Total earnings: -3647.363631301074
That is -5.4357133104337905% of the total


As we saw in odds analysis the fighter with higher odds wins 63.9% of the time, which is higher than our models accuracy,
however even if the favorite does win it doesn't always return a 2x profit,
therefore we end up losing 5.43% of our money betting betting using this method.


How about when we only bet when the model predicts an upset

In [45]:
clean_high_odds = clean_high_odds[clean_high_odds['prediction'] != clean_high_odds['Higher_odds']]
correct = clean_high_odds[clean_high_odds['prediction'] == clean_high_odds['Winner']]
total = -100*len(clean_high_odds)
print(str(len(clean_high_odds)/len(clean)*100) + "% of all bets")
print(str(len(correct)/len(clean_high_odds)*100) + "% accuracy")

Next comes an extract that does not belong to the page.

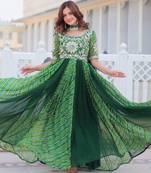 Multi festive wear designer pure georgette bandhej  readymade suit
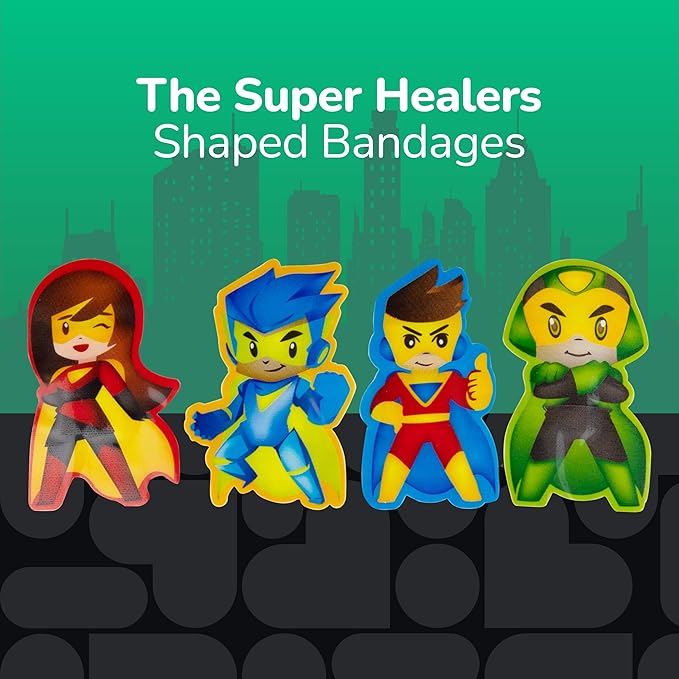 BioSwiss Bandages, Super Healers Superhero Shaped Self Adhesive Bandage, Latex Free Sterile Wound Care, Fun First Aid Kit Supplies for Kids and Adults, 24 Count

for index,row in correct.iterrows():
    total += 100 #these are all wins and you always get at least your money back with a win
    #The rest is profit:
    if row['Winner'] == 1.0:
        total += row['R_ev']
    else:
        total += row['B_ev']

print("Total earnings: "+str(total))
print("That is "+str((total/(100*len(clean_high_odds)))*100)+"% of the total")

37.257824143070046% of all bets
42.4% accuracy
Total earnings: 2712.434074420004
That is 10.849736297680016% of the total


With this method we only end up betting about 37% of the time and only achiveing 42.4% accuracy, but because betting
on an underdog has a much higher payout we end up earning significantly more money than if we bet on all model predicitons.

This methods rate of return is 10.8%, which is quite significant.